Speaking of help, sometimes you may have friends and family visit and they’ll ask what they can do for you. You don’t want to squeal in delight, only to scratch your head and wonder, what do I need sef? If need be, keep a list of things you need help with, so that whenever anyone offers to help, you know what chores they can help you do, or what they can help you buy.
3. Not getting into a routine.
This is one of the worst things a new mum can do. Like toddlers, babies thrive on routines. If you take advantage of this now, it will pay off incredibly as they grow. Without being rigid (which you really can’t afford to be, especially if you’re breastfeeding exclusively/on demand) you can create a structure that lets you and every other caregiver know what happens when.

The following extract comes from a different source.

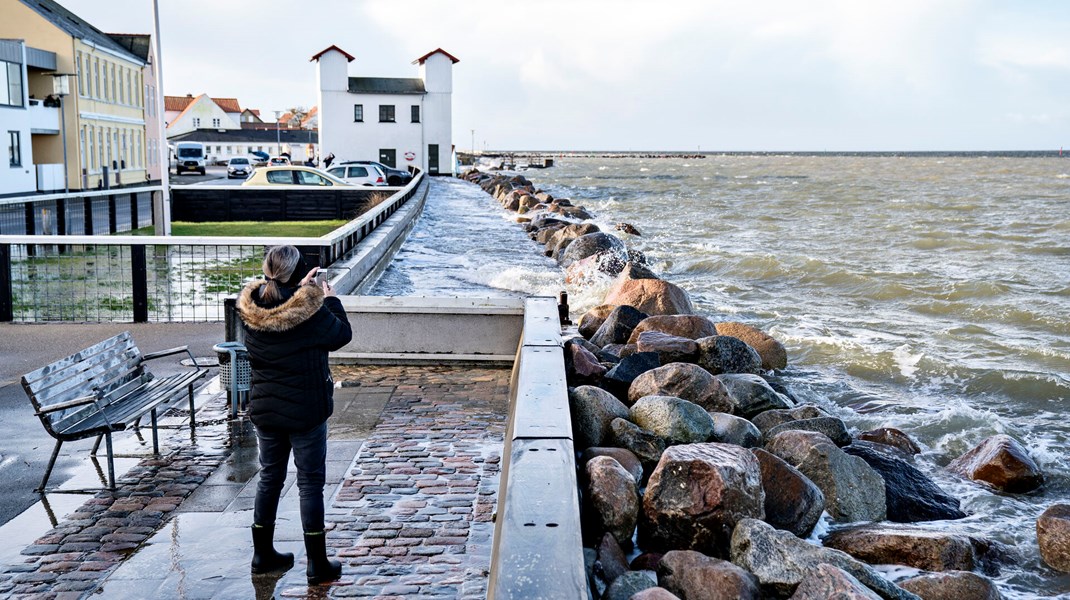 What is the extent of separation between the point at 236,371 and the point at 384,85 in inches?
2385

This way your loved ones, especially fathers who want to help with their newborn, can step into your shoes while you get some rest or fresh air. You need a routine for your sanity and your sense of wellbeing. Get on it as soon as possible.
4. Keeping only one diaper bag.
This looks like an inconsequential thing until you start going out with your new baby and have to start packing and unpacking, deciding what needs to go out with you and what should stay at home- scattered on the bed. Instead, you can have one “main” bag for home and a smaller bag for outings. That way you can have the smaller bag packed with the essentials – diapers, wipes, changing mat, nappy cream, even a rattle or other toy. Time to go out? Pick up the outing diaper bag and go!
5. Not sleeping when baby is sleeping.
A new mum is breastfeeding round the clock for the first couple of months (or even the first six months if baby is exclusively breastfed). She’s usually up at night nursing and rocking. Then during the day when baby is sleeping, she proceeds to get things done around the house, instead of getting her own sleep. Somehow this always makes sense, but it’s actually wiser to sleep when baby is sleeping, otherwise you’ll soon be sleep-deprived, cranky, low on breast milk… Get your sleep.
Thankfully, after the 6-month mark, it gets easier as baby starts sleeping at night instead of all day, and you generally get the hang of this mummying thing somewhat. Be kind to yourself!